Imagination, Dedication Drive St. Petersburg's Community Cafe
We’re recognizing small businesses across the country for the positive impact they make on their local communities throughout the holiday season and all year long.
If you’re jonesing for a vegan Portobello mushroom quesadilla and a beer late at night in St. Petersburg, Fla., you’re in luck: the Community Cafe on Central Ave. is open to serve you. The visit will demonstrate a novel way of doing business.
Mandy Keyes, the proprietor of the Community Cafe, says she and her initial business partner developed the venture over two years, aiming to fill the void left by the closure of St. Pete’s two late-night coffee shops. Her partner pushed for a co-op model, but “He moved away and nobody else on the planning board was dedicating the time and/or finances to be a co-op owner. So I took the reins and kept the project moving forward,” Keyes says. “We still keep many collaborative elements in our membership program, such as voting on cafe decisions and helping with the collaborative scrapbook, in addition to financial perks like free coffees, Free Dessert Fridays, and 10 percent off everything.”
Grassroots effort, imaginative funding launched the business
How did Keyes get the business off the ground in late 2013? “First, it was just word of mouth and Facebook to get interested planners to the first meetings,” she says. Then Keyes distributed flyers, visited local businesses seeking donations for the cafe’s first fund-raiser, and paid for advertising on Facebook. Keyes also launched a crowdfunding campaign on Indiegogo, where she used incentives to attract support. Some incentives included a mug with the Community Cafe logo and a membership. “We didn’t believe there’d be much value in the membership on its own before the cafe was open, but with a mug, the Indiegogo campaign went really well. Those initial members got to vote on what color we painted our walls, and which tables we’d use from our table painting contest.” The growing membership gets “to vote on things like our art themes, which we change every two to three months,” she says.

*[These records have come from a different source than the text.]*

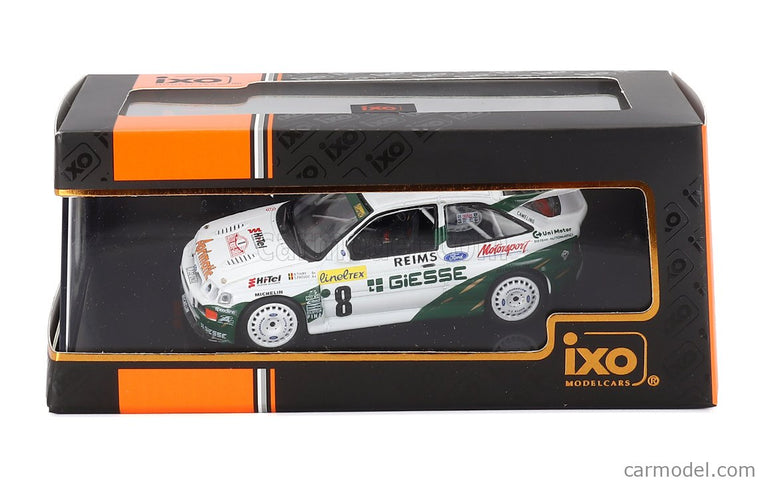 Ford Escort RS Cosworth Team Ford Motor N°8 Rally Montecarlo 1994 Bruno Thiry - Stephane Prevot 1:43 IXO Models biela zelená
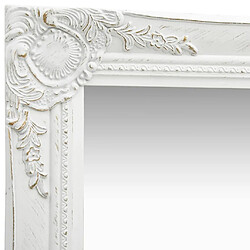 Avis Maison Chic Miroir mural style baroque | Miroir Décoration pour Maison Salle de Bain 40x40 cm Blanc -GKD65271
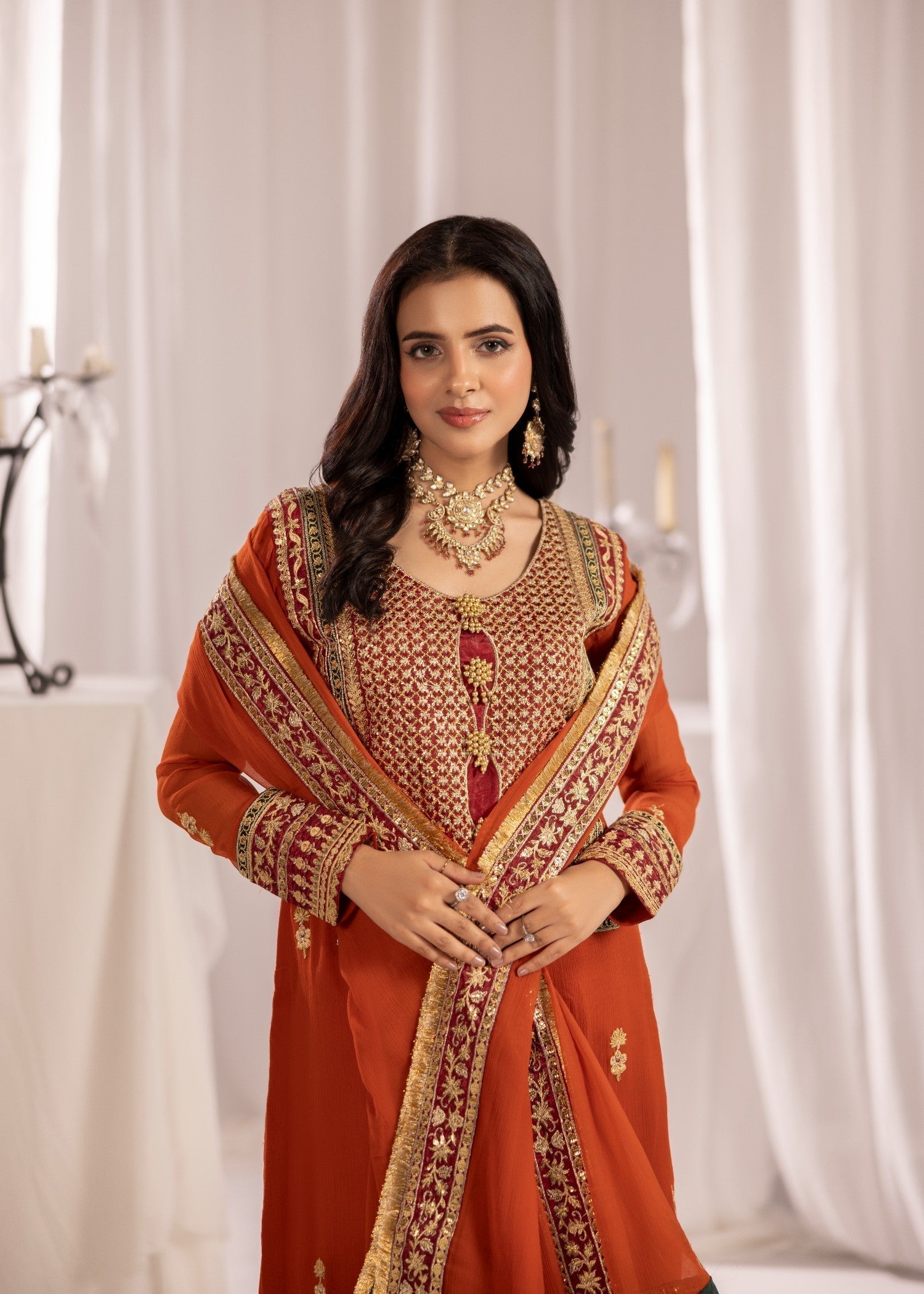 Alyssa RUST SUIT ALN18 Women 3pcs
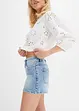 Short en jean, taille moyenne, extensible, bonprix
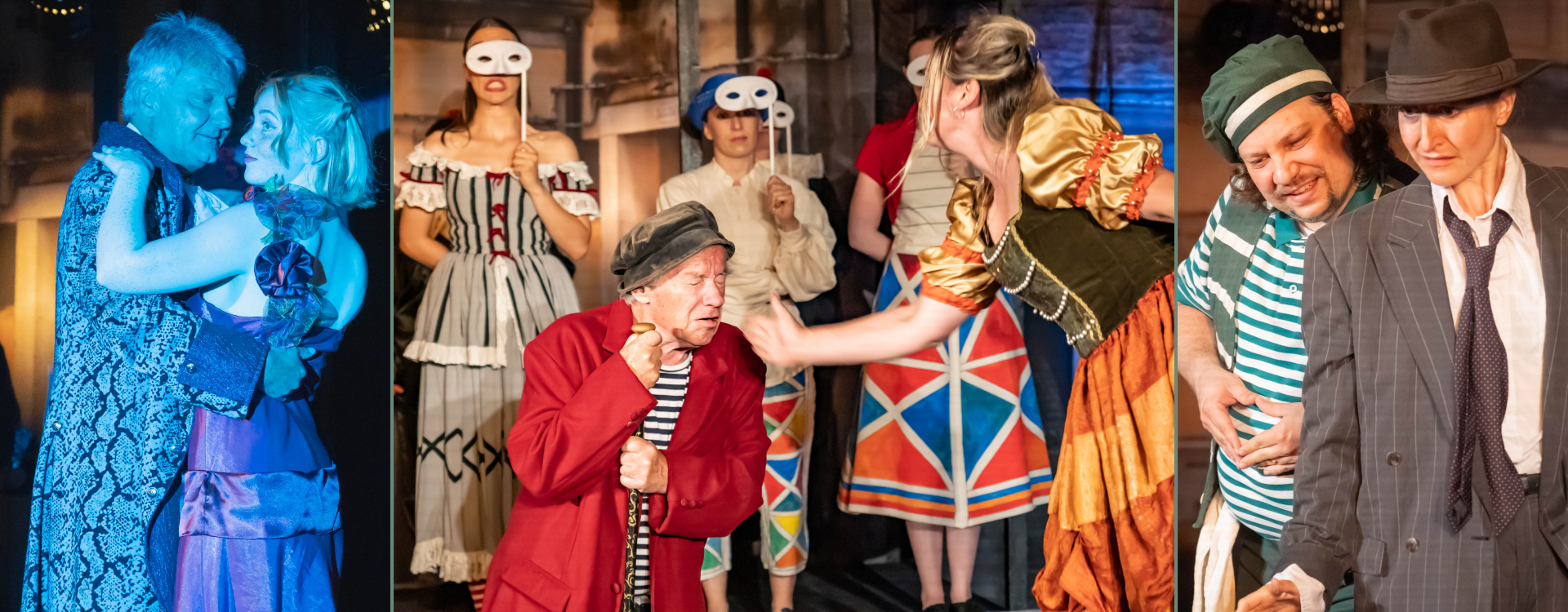 Zwei Diener und eine Nacht in Venedig - Maskenball im Hoftheater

The Community Cafe states its mission on its website: “To cultivate a welcoming, comfortable, and safe space that becomes your home away from home. We are very excited to offer a menu full of delicious meals with veg-friendly options served until late. Whether you want an alcoholic beverage or coffee, our comfy environment is a great place for lunch or an alternative to the bar scene. Becoming a member is a great option for people who want to be involved. You get to help make cafe decisions and get tons of awesome perks!”
Membership, family angles boost customer loyalty
The membership slant has been good for business, Keyes says. “Definitely the people that buy a membership come in more often, but I’m not sure if that’s cause or effect. Do they buy the membership because they’re already coming in often and it pays for itself? Some people buy a membership just to support us "¦ and a lot of people react positively to the idea that we have community input, even if they don’t participate themselves.”
“They also react very positively to the fact that my boyfriend and I run the place. I’m technically the owner, and he still has a day job to keep our bills paid, but we make all the major decisions together. His sister works here full-time, and their mom bakes all of our desserts. Being family- and community-oriented is very important to a lot of our customers.”
Advice to would-be entrepreneurs
Keyes offers advice to others looking to start a business. “Be prepared for how hard people say it is, and multiply that by more than you can imagine. Employees have been by far the biggest emotional and financial drain on us. It’s taken us two years to establish a somewhat-stable staff, and we still don’t have quite enough bodies to cover shifts when people need time off suddenly. If you can start a business that doesn’t have employees, it’s going to be infinitely easier.”
Today, Community Cafe has a lot to celebrate. “We have our two-year anniversary party coming up in January,” Keyes says. “Last year we threw a block party with 10 bands and 25 local craft vendors, and we had a great time. We’re doing that again this year. We hope the event will bring in more excitement from the community. They say after three years it should be a bit more stable, so two years down, one to go.”